At first glance, the De Grisogono Meccanico DG, looks like your good-quality digital watch. Look again!
This hand wound watch is actually entirely mechanical, with absolutely no digital components.
How does it work? The upper half of the watch is your conventional analog display, and the bottom portion is a numerical display controlled by 651 mechanical components. 23 cams connected to a set of gears collaborate in unison to trigger the change of hours and minutes The digital display utilizes 23 horizontally and vertically positioned micro segments. The Vertical segments are 9 mm high and weigh 25 milligrams. The Horizontal segments are 2.90 mm lengthwise and weigh a mere 10 milligrams. The segments have four sides: two opposing visible faces with colored strips and two opposing unmarked faces. As the time changed, the segments rotate by 90°, thereby displaying the correct change. The change, which can include 1 to 12 segments, occur in a blink of an eye. The watches digital numbers provide an illusion of the quartz watch, as the strips create a vivid contrast to the interior blackness of the watch.

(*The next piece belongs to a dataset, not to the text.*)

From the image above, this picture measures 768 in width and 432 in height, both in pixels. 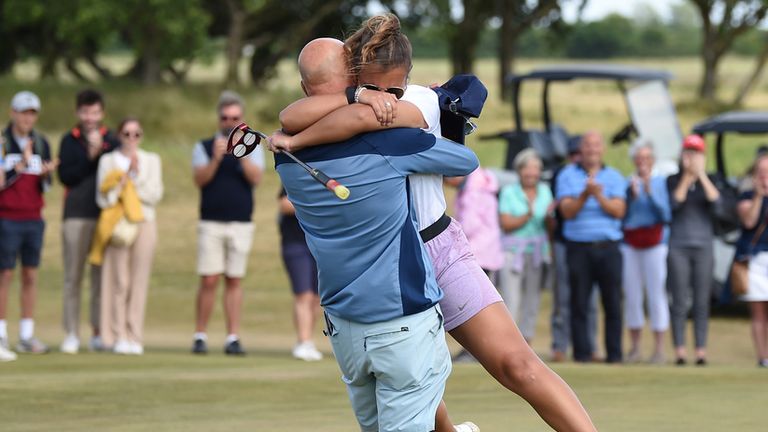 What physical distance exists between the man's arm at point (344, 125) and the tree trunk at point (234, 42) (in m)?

For the skeptics in our midst De Griscono has crafted a transparent dial plate, so that the intricate mechanical workings of the timepiece can be carefully scrutinized.

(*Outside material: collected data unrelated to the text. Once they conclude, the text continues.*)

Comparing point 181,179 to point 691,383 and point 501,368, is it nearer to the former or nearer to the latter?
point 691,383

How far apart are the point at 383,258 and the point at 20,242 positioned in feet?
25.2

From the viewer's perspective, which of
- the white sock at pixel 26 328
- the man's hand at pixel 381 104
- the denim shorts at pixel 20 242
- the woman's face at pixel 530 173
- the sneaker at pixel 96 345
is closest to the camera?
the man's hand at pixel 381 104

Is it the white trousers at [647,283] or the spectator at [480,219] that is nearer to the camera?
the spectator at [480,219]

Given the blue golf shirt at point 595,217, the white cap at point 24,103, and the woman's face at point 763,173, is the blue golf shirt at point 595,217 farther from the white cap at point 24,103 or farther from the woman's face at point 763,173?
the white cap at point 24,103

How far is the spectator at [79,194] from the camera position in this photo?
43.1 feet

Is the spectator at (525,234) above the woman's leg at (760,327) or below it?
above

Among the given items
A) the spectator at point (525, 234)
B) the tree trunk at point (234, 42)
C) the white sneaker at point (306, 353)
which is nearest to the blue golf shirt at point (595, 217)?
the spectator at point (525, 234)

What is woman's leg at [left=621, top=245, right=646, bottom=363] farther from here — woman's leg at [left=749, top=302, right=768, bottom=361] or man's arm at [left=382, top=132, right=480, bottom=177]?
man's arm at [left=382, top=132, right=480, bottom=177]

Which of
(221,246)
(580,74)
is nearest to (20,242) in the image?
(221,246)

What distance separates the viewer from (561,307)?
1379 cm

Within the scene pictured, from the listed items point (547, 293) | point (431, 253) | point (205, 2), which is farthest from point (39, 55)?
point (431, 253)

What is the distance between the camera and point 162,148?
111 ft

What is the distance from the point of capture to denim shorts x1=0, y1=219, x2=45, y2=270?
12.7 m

This watch is an interesting piece as it is a true testament to the survival of the mechanical watches. In a previous blog of mine, I wrote about the quartz scare of the late 1960's early 1970's. A difficult time for mechanical watch manufacturers. A time when they thought they would lose all they had accomplished to a "Quartz Generation. This Watch testifies to the survival and the recent revival of Mechanical Watches.
This watch boasts a 35 hour power reserve, quite remarkable if you think about the two completely different displays.
The De Grisogono Meccanico timepeices are limited edition of just 177 exceptional timepieces. Available in titanium, titanium and red gold, titanium and rubber and titanium and platinum.